Church for sale after 125 years

A crowd of about 30 people took part in the thanksgiving service to secularise the All Saints...
A crowd of about 30 people took part in the thanksgiving service to secularise the All Saints Anglican Church in Lumsden on Sunday. The building will no longer be used for church services. PHOTO: SANDY EGGLESTON
A final farewell has been held for an institution that has been part of the Lumsden community for about 125 years.

A thanksgiving and secularisation service was held at All Saints Anglican Church on Sunday.

The first wooden building on the site was consecrated in 1890, and the second in August 1967.

Anglican Diocese of Dunedin Vicar-General the Rev Jan Clark and Southern Rural Chaplaincy archdeacon Barb Walker officiated at the service, which was attended by about 30 people.

Archdeacon Walker said the use of the building as a consecrated space had been revoked.

"The church has been closed and it will be put up for sale."

The number of people attending the church had dwindled.

"There hasn’t been a service here for a long time and the people that have come are getting older."

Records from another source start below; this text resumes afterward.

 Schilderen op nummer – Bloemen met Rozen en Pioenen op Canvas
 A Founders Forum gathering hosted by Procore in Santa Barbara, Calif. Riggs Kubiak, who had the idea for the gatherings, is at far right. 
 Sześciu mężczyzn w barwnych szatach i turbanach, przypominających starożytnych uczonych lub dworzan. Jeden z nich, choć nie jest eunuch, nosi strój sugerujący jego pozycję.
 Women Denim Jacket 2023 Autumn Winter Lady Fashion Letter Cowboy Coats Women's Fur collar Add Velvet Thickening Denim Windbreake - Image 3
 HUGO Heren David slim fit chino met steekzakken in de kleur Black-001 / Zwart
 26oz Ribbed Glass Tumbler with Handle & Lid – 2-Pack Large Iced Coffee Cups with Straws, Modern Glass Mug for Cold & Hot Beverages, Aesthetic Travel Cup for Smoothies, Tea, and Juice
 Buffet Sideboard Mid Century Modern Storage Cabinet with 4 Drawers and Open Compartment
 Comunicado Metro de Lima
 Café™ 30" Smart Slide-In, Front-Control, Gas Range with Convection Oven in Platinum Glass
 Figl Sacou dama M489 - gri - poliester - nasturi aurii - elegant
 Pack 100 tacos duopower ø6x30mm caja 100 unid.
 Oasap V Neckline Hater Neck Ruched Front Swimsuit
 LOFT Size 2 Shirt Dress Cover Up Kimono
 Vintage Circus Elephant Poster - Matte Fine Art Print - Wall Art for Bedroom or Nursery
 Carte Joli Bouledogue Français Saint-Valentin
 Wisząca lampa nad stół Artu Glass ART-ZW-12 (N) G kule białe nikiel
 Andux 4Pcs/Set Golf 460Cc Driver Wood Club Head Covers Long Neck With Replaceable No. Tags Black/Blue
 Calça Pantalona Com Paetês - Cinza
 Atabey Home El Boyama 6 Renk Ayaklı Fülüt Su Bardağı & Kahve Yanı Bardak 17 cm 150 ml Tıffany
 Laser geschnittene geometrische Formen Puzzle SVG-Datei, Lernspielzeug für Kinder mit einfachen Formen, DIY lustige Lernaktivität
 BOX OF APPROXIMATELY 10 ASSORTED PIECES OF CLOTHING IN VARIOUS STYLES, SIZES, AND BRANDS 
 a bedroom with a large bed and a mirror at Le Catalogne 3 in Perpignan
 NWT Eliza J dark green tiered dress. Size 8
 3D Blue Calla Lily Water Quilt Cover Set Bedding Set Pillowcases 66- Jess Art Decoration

It was not an easy decision to close the church but was for the best.

"Do you keep it open when it’s leaking and needs a lot of work?"

Congregation members would now be under the umbrella of the Southern Rural Chaplaincy.

"We’ll be going out and visiting these people, taking them communion, encouraging them [and] ringing them up on the phone.

"We’re looking at new ways of doing church in rural chaplaincy."

It was hoped in the new year meetings would be arranged.

In some of the towns where churches had been shut down services were still held.

During the sermon Rev Clark said as the seasons in people’s lives change new ways of doing things begin to evolve.

"Today we let go of a building that has blessed the lives of many people as they have journeyed with God.

"We offer thanks for what has been and we look to the future knowing God travels with us to unknown places."

The church community was in a time of moving into a new era.

"We let go of a part of our heritage and look to journeying with Christ in a new way."